Jeff Peters, whom Vishno coached in his high school days, and who visited him frequently in recent years — bringing him a dozen oysters from the American Hotel and a vanilla shake in recent days — maintains that “Coach must be one of the very few in the state with 300-plus wins, or pretty close to that, in baseball, basketball, and golf.”
“If I had to describe Coach Vishno in one word, it would be ‘gentleman,’ ” Peters told Remkus. “He taught us discipline, respect, and to be on time. He was tough, but we knew he cared deep down. If you wanted something, he made you work for it. He brought out the bestinyou....”
“He was a lot of fun to play for,” Jack Youngs said in that same article. “He was a wonderful personality, always smiling and good-natured. We were very blessed to have him in our lives.”
Paul Zaykowski, another of Vishno’s former players with whom Remkus spoke, said, “He taught us the important lessons having to do with all the ‘core’ values, especially character. . . . There is only one Coach Vishno — he changed young men’s lives.”
Robert Vishno was born in Branford, Conn., on Sept. 22, 1931, the son of Herman and Anna Sinkievich Vishno. His father was a high school teacher; his mother a homemaker.
He was a three-sport athlete — football, basketball, and baseball — at
Branford High School and spent a year at Milford Prep before spending a year at the University of Colorado, which had awarded him a football scholarship, and three years at New Haven State Teachers College (now Southern Connecticut State University). He was to earn a master’s degree in education there as well. After college, Vishno, who was an end, played semi-pro football in Branford and New Haven. He was also a third baseman and pitched in baseball.
East Hampton’s late Hall of Fame boys basketball coach, Ed Petrie, and Vishno were fast friends from the moment they met in 1958. Initially, Vishno assisted Petrie at Pierson, taking over the varsity when Petrie moved to East Hampton in 1969.
“I was Ed’s assistant and his best friend for ever and ever,” Vishno said in last winter’s interview. “He was way ahead of the curve — he got things going here by starting Biddy league. He brought them up from here to here” he said, raising his hand from tot to teen level.
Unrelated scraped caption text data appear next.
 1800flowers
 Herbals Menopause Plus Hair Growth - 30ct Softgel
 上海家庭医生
“As long as I was able to walk, I was going,” Vishno said when Petrie was honored by the Frank McGuire Foundation at the New York Athletic Club in
2006. “Ed Petrie is one of those guys who come along only once in a while, who has instilled in his players the persistence, dedication, and sense of loyalty that he always had.”
Insofar as Pierson High basketball went, everything came together for Vishno and his players in the 1977-78 season when the Whalers won the state Class C championship, defeating Alexander Hamilton 71-68 in the final, thanks to Peter Schaefer’s two free throws made with seven seconds left to play in overtime.
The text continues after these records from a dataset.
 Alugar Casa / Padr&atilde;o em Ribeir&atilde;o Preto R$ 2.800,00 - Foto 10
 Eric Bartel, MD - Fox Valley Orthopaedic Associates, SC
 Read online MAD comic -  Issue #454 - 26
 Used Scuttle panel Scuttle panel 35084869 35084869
Fire trucks, with horns blasting and sirens wailing, met the bus on the team’s return to Sag Harbor in the wee hours. “Everybody was there in the gym — it was way late at night, 2 a.m.,” Peters recalled. “Dr. Annacone” — another educator whom Vishno championed — “declared that there would be no school the next day. That’s the year Queen had that big hit, ‘We Are the Champions.’ That song was blaring, and there was Bob, smoking a cigar, with the biggest smile on his face.”
“Gee, what a super weekend,” Vishno was quoted by The Star’s former sportswriter, Steve Bromley Jr., as having said at the time. “Full of joy, and we’ve got a lifetime memory to store away forever.”
Besides his daughters, Truxillo, who lives in Franklinton, La., and Mary Beth Armstrong of Southampton, Vishno is survived by five grandchildren, Meredith Schrader, Terrence Michael Truxillo, Adrienne Bryan, Mark Robert Truxillo, and Lauren E. Truxillo, and 12 great-grandchildren. His son, Robert Jr., predeceased him.
Truxillo said a funeral Mass at St. Andrew’s Catholic Church in Sag Harbor is tentatively set for March 29 at 11 a.m. Burial is to follow in Oakland Cemetery.
In lieu of flowers, donations may be made to the Sag Harbor Ambulance Squad, Sag Harbor Helpers, or to a charity of one’s choice.